In Commission investigations, one way that this situation may arise is if the staff receives a referral from another authority such as the Department of Justice, a self-regulatory organization, or another organization that is identified in the proposed rule. In these circumstances, the proposed rule would credit the whistleblower with being the “original source” of information on which the referral was based as long as the whistleblower “voluntarily” provided the information to the other authority within the meaning of these rules; i.e., the whistleblower or his representative must have come forward and given the other authority the information before receiving any request, inquiry, or demand to which the information was relevant. If a whistleblower claims to be the original source of information provided to the Commission by one of these authorities or another entity such as the whistleblower's employer, the Commission may seek assistance and confirmation from the other authority or entity in determining whether the whistleblower is the original source of the information.
Paragraph (6) of Proposed Rule 21F-4(b) addresses circumstances where the Commission already possesses some information about a matter at the time that a whistleblower provides additional information about the same matter.
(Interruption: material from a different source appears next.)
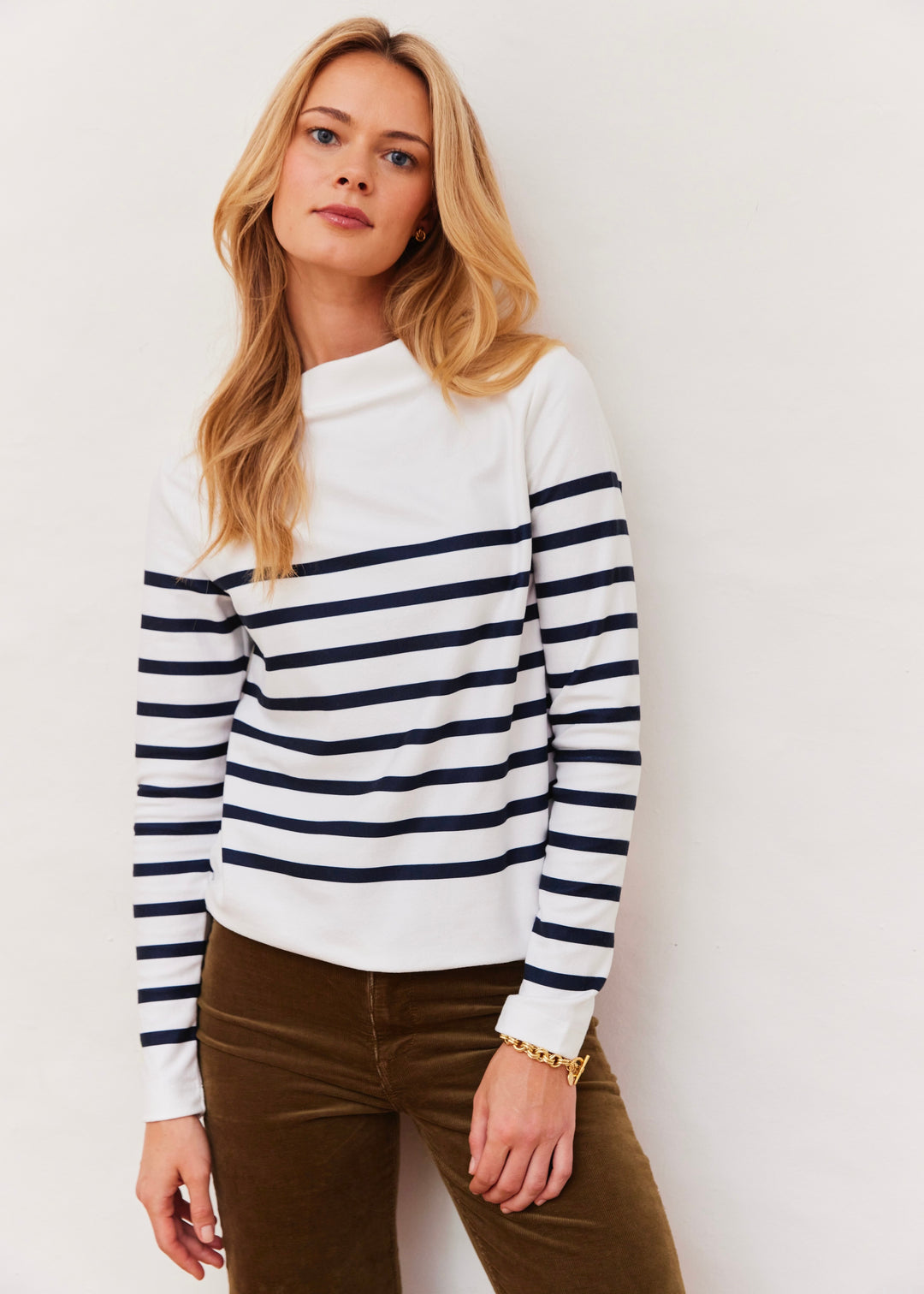 Brighton Boatneck in Terry Fleece (White/Navy Placed Stripe)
The whistleblower will be considered the “original source” of any information that is derived from his independent knowledge or independent analysis and that materially adds to the information that the Commission already possesses. The standard is modeled after the definition of “original source” that Congress included in the False Claims Act through amendments earlier this year. 
As is described elsewhere in these proposed rules, a whistleblower will need to submit his information as well as a Form WB-DEC in order to start the process and establish the whistleblower's eligibility for award consideration.  A whistleblower who provides information to another authority first will need to follow these same procedures and submit the necessary forms to the Commission in order to perfect his status as a whistleblower under the Commission's whistleblower program. However, under paragraph (7) of Proposed Rule 21F-4(b), as long as the whistleblower submits the necessary forms to the Commission within 90 days after he provided the same information to the other authority, the Commission will consider the whistleblower's submission to be effective as of that earlier date. As noted above, the whistleblower must establish that he is the original source of the information provided to the other authority as well as the date of his submission, but the Commission may seek confirmation from the other authority in making this determination. The objective of this procedure is to provide further incentive for persons with knowledge of securities violations to come forward (consistent with the purposes of Section 21F) by assuring potential whistleblowers that they can provide information to appropriate Government or regulatory authorities, and their “place in line” will be protected in the event that other whistleblowers later provide the same information directly to the Commission.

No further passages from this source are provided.